Garlic Scape Dressing

garlic scape dressing

I received another CSA box with an unusual produce item that looked like scallions with a tiny green bulb at the end.

It was fortuitous: at a Greenmarket I found the item featured in an egg frittata sample to taste. I brought home the one-page recipe for the garlic scape dressing.

The person I served the salad to claimed the dressing I created was the tastiest he’d ever tasted.

This recipe is from thespruce.com:

Garlic Scape Dressing

Ingredients:

2 garlic scapes, coarsely chopped

2 green onions, coarsely chopped

1 teaspoon honey

2 teaspoons Dijon mustard or similar brown mustard

4 tablespoons red wine vinegar

1 tablespoon lemon juice

dash salt

1/8 teaspoon fresh ground black pepper

1/2 cup extra virgin olive oil

Instructions (see my clarification below this):

In a blender, combine the garlic scapes, onions, honey, mustard, red wine vinegar, lemon juice, salt, and pepper. Blend until smooth. With blender on low, slowly add the olive oil until well blended.

Makes 1 cup.

The trick is to add a little olive oil, PUT THE LID ON the blender, and turn the blender on low. REMOVE the lid, pour in a little more olive oil, put on the lid, and repeat.

I couldn’t figure out which button on my blender was the “low” option so I used the puree button to blend the olive oil into the mixture.

Listen: using lemon juice by squeezing real lemons is preferable to using the lemon juice in a plastic container. The store-bought lemon juice contains sulfur dioxide.

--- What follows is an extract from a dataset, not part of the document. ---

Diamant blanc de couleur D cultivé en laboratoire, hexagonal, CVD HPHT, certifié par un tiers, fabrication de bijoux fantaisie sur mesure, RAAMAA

Real lemons are plentiful in produce departments at food markets so I recommend buying lemons instead of the juice in a plastic container.

This salad dressing recipe takes about five to seven minutes to create. It’s a quick and easy recipe for salad dressing you can use with summer salads.

I happen to think that red leaf lettuce is delicious. If you ask me it tastes better than the usual ho-hum spring mix salad greens.

Organic or not, I urge you to give red leaf lettuce a try in the summer. One head of lettuce can sometimes last a single person two days.

Forget iceberg lettuce.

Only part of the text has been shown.